In McClain v. Sav-On Drugs, the Supreme Court today holds that consumers who assert they were incorrectly charged sales tax — technically, a sales tax reimbursement to the seller that pays the tax — cannot require the seller to demand a refund from the state. The court’s unanimous opinion by Justice Goodwin Liu declines to extend its 1974 decision authorizing a customer to sue when the state has already adopted specific rules to provide refunds to overpaying customers. Such a suit is a “judicially created remedy [that] is available only when the issue of taxability has already been resolved,” and even then “only rarely.” The court also concludes that the absence of that remedy here doesn’t violate the consumers’ due process rights nor does it effect an unconstitutional taking.
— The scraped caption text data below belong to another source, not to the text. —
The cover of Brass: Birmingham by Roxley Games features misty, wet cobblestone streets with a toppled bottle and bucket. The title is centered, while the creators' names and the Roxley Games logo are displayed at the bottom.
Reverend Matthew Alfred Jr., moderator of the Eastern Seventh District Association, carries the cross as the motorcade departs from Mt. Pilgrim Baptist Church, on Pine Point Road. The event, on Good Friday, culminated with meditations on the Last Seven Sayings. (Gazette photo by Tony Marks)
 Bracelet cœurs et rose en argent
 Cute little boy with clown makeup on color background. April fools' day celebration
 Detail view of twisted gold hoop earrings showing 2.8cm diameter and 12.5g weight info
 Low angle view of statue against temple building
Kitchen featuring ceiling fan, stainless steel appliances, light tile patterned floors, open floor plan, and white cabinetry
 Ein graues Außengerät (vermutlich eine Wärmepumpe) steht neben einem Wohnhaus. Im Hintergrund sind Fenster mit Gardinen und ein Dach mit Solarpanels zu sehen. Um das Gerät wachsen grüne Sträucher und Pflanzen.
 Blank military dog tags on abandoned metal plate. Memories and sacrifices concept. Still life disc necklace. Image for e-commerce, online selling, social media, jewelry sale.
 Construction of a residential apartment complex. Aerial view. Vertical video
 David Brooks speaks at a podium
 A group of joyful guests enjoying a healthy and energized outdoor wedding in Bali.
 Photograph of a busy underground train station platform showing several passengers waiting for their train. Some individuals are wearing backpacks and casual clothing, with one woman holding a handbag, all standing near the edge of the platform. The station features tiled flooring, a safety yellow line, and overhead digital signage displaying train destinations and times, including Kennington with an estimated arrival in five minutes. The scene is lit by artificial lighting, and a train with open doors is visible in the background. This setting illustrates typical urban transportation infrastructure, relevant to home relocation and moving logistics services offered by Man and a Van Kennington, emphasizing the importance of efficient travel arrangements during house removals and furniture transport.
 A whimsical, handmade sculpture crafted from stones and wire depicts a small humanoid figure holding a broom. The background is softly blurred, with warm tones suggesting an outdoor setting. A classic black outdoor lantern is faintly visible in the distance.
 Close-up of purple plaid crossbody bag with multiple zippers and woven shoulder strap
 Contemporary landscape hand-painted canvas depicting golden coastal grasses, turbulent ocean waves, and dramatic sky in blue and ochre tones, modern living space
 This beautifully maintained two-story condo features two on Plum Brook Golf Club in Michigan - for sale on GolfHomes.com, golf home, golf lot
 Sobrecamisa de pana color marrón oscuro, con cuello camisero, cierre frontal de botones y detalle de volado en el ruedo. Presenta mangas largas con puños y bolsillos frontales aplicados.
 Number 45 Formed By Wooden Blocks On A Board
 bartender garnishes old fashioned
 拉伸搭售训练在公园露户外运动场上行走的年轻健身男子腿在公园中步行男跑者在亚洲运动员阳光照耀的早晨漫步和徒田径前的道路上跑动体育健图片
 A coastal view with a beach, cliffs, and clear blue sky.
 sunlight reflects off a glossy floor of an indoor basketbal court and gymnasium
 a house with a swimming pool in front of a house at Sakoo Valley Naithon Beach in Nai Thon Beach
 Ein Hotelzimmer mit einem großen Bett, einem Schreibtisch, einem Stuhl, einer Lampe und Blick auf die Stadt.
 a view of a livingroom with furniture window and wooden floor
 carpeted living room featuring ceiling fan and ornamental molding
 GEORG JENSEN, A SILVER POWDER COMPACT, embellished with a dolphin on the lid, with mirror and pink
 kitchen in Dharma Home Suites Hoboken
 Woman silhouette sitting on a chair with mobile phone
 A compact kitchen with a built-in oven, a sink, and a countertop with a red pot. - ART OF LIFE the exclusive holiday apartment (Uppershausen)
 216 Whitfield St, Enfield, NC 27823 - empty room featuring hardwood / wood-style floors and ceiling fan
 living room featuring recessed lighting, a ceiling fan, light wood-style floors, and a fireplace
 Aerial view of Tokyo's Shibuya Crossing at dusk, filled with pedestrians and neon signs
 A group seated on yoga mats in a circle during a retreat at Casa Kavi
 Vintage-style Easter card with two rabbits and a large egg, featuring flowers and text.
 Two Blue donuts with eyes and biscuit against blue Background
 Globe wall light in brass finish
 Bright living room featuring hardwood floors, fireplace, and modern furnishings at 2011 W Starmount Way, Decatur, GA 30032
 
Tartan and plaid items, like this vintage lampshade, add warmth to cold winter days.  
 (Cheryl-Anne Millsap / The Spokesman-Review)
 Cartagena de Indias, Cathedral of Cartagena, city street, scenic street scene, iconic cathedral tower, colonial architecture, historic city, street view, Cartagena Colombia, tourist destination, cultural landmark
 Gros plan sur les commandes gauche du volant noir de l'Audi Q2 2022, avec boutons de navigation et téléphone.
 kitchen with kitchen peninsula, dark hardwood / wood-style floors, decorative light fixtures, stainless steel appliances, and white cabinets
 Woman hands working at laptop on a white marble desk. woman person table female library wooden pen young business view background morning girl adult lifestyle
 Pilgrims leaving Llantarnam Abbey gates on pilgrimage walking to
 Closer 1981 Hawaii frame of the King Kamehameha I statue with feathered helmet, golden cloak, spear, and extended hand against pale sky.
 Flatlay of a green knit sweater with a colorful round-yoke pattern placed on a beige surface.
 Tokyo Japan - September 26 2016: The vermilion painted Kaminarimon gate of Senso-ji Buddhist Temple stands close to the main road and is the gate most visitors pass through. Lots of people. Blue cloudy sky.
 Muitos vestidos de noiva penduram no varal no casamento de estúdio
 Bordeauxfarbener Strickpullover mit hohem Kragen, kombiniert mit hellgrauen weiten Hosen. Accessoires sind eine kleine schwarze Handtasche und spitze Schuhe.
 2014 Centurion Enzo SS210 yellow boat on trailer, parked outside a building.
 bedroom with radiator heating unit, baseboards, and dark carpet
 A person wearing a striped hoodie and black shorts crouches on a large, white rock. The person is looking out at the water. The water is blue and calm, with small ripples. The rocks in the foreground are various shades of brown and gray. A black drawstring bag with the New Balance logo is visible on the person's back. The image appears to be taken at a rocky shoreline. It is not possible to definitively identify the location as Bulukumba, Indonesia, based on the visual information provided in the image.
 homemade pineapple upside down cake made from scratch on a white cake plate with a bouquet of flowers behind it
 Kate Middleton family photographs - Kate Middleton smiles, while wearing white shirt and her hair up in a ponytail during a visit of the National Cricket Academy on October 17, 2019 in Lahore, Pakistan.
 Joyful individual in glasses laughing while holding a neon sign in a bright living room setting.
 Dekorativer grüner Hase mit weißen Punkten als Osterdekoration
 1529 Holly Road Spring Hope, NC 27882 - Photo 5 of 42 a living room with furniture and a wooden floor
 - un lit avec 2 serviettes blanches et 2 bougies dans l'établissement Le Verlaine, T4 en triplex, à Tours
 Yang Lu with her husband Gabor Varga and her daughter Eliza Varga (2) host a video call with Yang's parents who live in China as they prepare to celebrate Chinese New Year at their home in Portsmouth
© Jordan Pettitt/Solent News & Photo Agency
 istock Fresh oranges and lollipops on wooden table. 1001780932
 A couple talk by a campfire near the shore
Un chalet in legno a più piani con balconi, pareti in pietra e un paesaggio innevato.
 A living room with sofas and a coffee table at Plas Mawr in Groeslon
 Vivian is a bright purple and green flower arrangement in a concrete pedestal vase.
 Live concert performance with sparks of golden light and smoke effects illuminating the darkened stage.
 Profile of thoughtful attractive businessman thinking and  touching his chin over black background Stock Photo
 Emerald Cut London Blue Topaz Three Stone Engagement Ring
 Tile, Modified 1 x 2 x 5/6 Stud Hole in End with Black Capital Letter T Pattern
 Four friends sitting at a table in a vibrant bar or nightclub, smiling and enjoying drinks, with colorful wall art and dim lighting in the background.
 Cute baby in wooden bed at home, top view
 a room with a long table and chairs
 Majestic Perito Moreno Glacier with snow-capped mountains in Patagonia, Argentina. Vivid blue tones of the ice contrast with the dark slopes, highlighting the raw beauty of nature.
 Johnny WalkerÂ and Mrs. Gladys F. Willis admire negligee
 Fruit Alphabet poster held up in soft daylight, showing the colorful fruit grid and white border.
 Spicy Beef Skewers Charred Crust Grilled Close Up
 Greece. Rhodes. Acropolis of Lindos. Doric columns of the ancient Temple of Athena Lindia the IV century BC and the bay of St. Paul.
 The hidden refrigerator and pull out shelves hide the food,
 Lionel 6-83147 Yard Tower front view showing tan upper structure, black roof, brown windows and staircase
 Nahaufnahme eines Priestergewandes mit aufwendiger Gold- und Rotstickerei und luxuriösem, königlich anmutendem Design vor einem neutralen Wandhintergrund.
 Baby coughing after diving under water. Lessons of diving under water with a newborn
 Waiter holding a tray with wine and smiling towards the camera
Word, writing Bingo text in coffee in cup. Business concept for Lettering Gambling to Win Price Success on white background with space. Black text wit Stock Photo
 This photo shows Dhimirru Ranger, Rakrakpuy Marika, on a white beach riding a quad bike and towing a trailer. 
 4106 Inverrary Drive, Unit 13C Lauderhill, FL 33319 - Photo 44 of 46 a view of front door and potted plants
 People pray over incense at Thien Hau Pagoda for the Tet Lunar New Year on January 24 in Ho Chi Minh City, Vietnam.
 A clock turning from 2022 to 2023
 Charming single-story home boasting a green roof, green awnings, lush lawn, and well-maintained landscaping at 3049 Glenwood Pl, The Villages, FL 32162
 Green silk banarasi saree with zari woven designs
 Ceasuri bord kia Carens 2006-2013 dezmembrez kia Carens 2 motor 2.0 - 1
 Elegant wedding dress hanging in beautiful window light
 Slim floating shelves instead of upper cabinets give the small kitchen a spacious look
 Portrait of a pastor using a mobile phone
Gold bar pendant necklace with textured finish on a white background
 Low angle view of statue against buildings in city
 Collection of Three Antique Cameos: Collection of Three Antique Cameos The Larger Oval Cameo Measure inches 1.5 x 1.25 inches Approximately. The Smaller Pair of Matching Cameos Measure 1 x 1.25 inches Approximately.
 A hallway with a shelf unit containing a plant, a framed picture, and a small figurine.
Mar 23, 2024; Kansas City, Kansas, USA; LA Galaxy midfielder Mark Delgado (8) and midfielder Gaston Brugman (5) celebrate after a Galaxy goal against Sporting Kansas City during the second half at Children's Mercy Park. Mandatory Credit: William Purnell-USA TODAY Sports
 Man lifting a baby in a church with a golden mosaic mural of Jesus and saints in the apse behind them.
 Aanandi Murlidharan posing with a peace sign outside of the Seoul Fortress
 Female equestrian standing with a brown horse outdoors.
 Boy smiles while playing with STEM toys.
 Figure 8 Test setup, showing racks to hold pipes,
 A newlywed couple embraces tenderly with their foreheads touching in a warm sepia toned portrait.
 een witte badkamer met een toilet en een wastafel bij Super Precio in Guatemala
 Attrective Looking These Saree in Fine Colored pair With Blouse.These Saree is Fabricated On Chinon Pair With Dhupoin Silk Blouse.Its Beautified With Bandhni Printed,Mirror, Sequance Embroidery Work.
The court says aggrieved consumers are not without remedies because they can urge the state’s taxing authority to initiate an audit or a deficiency determination, or they can challenge in court the validity of any tax regulation.

Although all seven justices sign the court’s opinion, a majority of four issues its own concurrence. (That happens occasionally.) Authored by Justice Leondra Kruger (and signed by Justices Carol Corrigan and Ming Chin and pro tem Justice Kathleen O’Leary), the separate opinion cautions against treating as prerequisites to a lawsuit the pursuit of the alternate remedies mentioned in the court’s opinion, because taking those steps still might not be enough. Justice Kruger writes that “any cause of action to compel retailer refund suits will create a certain amount of tension with a statutory scheme that presumes goods are taxable [citation], and empowers the retailer to waive a potentially applicable tax exemption if it so chooses.”

The court affirms the Second District, Division Eight, Court of Appeal.